The network effect of a coin is seen in a relationship in which its value increases by the square of the number of computers that run that coins’ implementation and stores the entire blockchain – technically called nodes. This means that in the case of bitcoin, which is the largest cryptocurrency globally, 10 bitcoin nodes would give a value of 100 bitcoin, 9 would give 81, 100 would give 10,000, and so on. Therefore theoretically, the value of the coin correlates to the number of connections.

However, it is a known fact that there is already a real value attached to cryptocurrency assets known as the market cap. In this case, Pandl and Rosenberg went further in their analysis of the fundamentals of cryptocurrency valuation and studied the relationship between the number of participants and the market cap to see how it aligned with the correlation they observed across those eight crypto assets.

The authors wrote that cryptocurrency market caps have generally been positively correlated with network size. They also noted that these two metrics had risen more than one-for-one with network growth over time.

According to calculations from historical data, the two researchers found that the average growth curve is value = users1.4. This simple formula gives a benchmark ratio for what cryptocurrency fundamentals should be, similar to how the historical Price to Earnings (P/E) ratio acts as a benchmark to what a stock price should be.

Bitcoin’s market capitalization is far greater than its fundamentals

The two Goldman Sachs researchers noted that there’s a serious deviation from the value bitcoin should have based on its user growth compared to the value it actually has in the form of its current $590.45 billion market capitalization.

According to crypto analysts, bitcoin’s value has grown by 520% from its 2018 average, which is far higher than the rate of its network growth in the same period, which was between 60% and 100%.

If we are to go with the rate of bitcoin’s user growth, its value should have grown between 90% and 150%, depending on when you start counting in 2018, and not 520% that it has reportedly grown.
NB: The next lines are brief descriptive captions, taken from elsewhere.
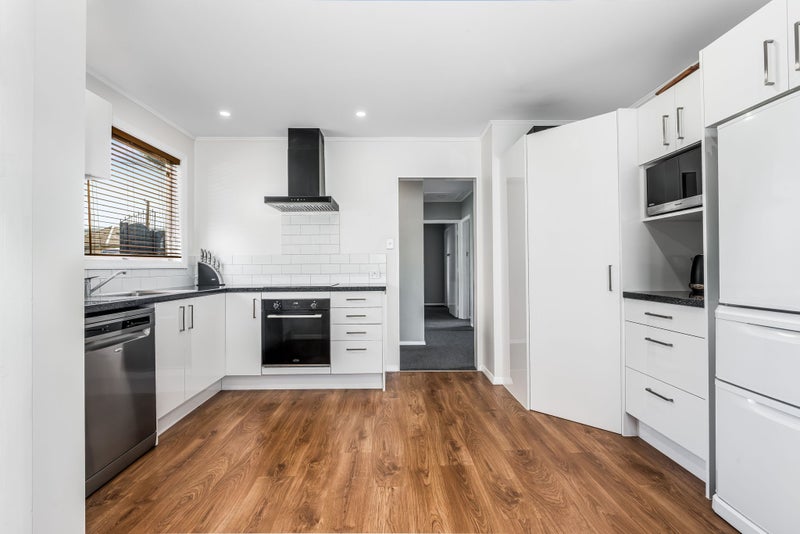 77 Champion Street, Cannons Creek, Porirua - Carousel 1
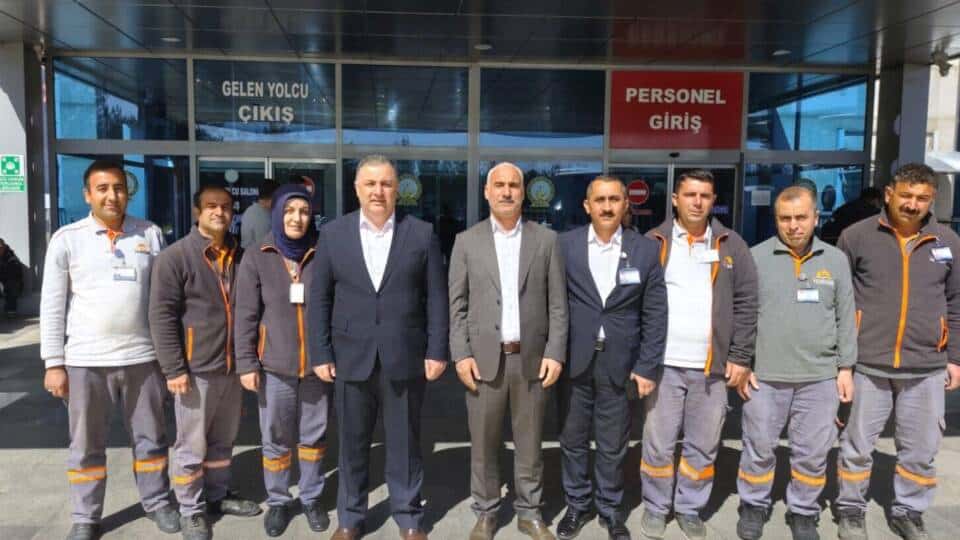 İdris Ersoy, Şanlıurfa GAP Havalimanı’nda Üyelerle Sorunları Değerlendirdi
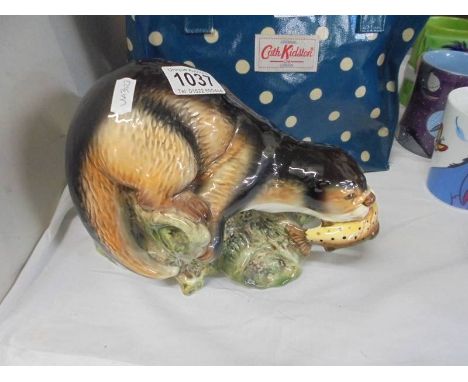 A Sylvac 3459 Otter with fish.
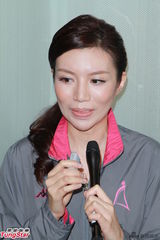 组图：亚姐大秀比基尼 黄一晴巨乳突出重围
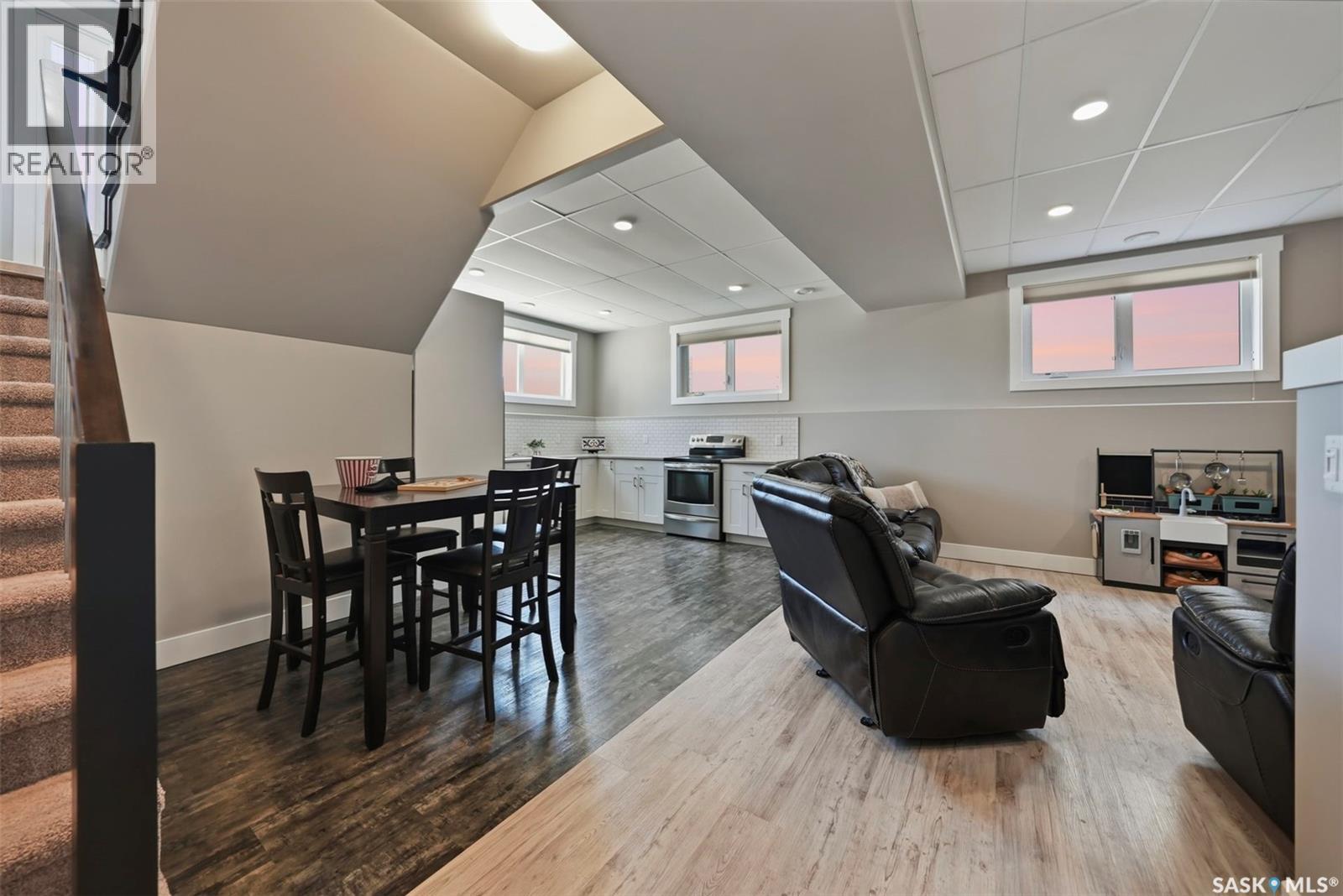 407 Silver Birch Lane, Warman, SK - Indoor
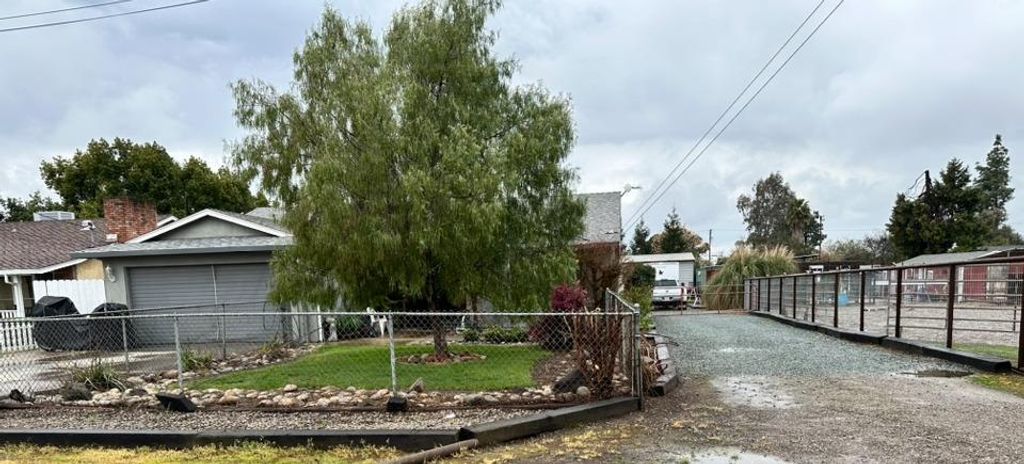 955 Elma St, Hickman, CA 95323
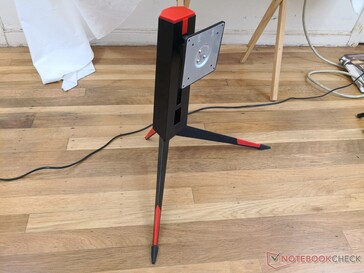 Assembled base is sturdy with no teetering. The rubber feet improves stability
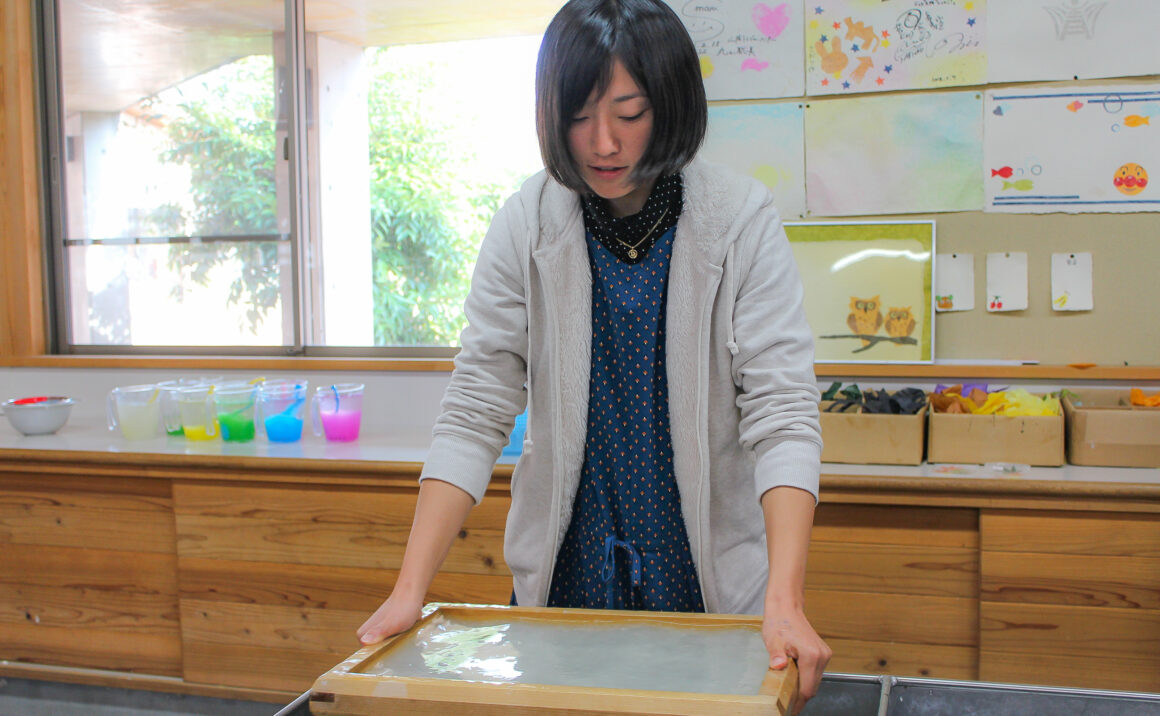 Paper making experiences touching the history of 1,300 years at the traditional Inshu Washi (Japanese paper) village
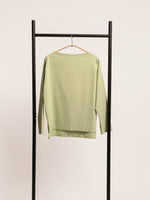 Bluză basic verde pal cu decolteu bărcuță, model casual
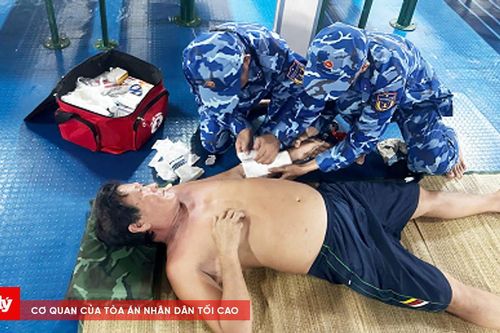 BTL Vùng Cảnh sát biển 4 kịp thời hỗ trợ ngư dân gặp nạn trên biển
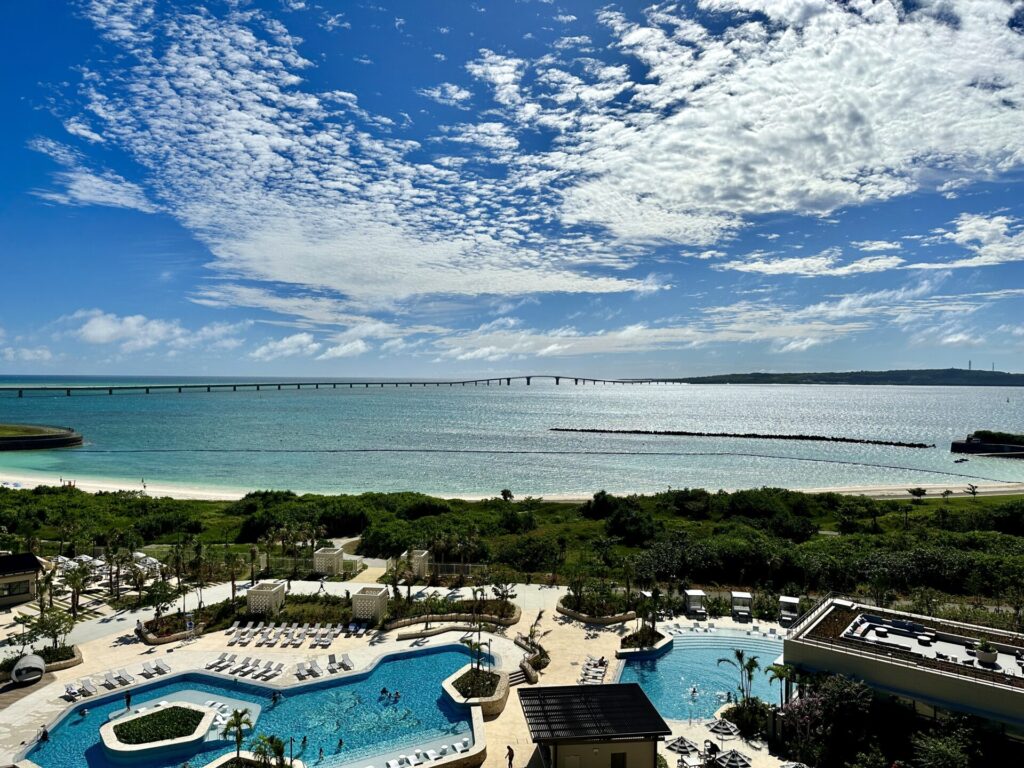 ヒルトン沖縄宮古島リゾート エグゼクティブラウンジ 眺望 伊良部大橋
Like stock fundamentals that don’t tell the whole story about a stock’s performance or growth, this increase in bitcoin value does not necessarily represent the cryptocurrency’s fundamentals.

The difference between bitcoin’s fundamental value and its market cap brings us to three possibilities: Bitcoin might currently be valued incorrectly; this likely happened in 2018. Alternatively, it could also be a combination of the two where its value was incorrect both in 2018 and at present. Another factor that could explain this significant difference is how cryptocurrency enthusiasts see bitcoin as a fantastic, new and easy way to get rich quick. According to Pandl and Rosenberg, sentiments like these complicate things even further. They are why looking at these network fundamentals is not conclusive but just one of the ways to value cryptocurrency amongst other alternatives.

Pandl and Rosenberg added that rising cryptocurrency prices might generate more trading activity from investors speculating a continued increase, which in turn might lead to network growth.

For this reason, the two researchers from Goldman Sachs added that rising network activity might not necessarily represent an improvement in cryptocurrency ‘fundamentals.’ The platforms do not have increased economic value through network effects because the increase in trading activity is simply speculative.

They concluded that for cryptocurrency networks to have sustainable value, activity needs to be driven by non-speculative use cases.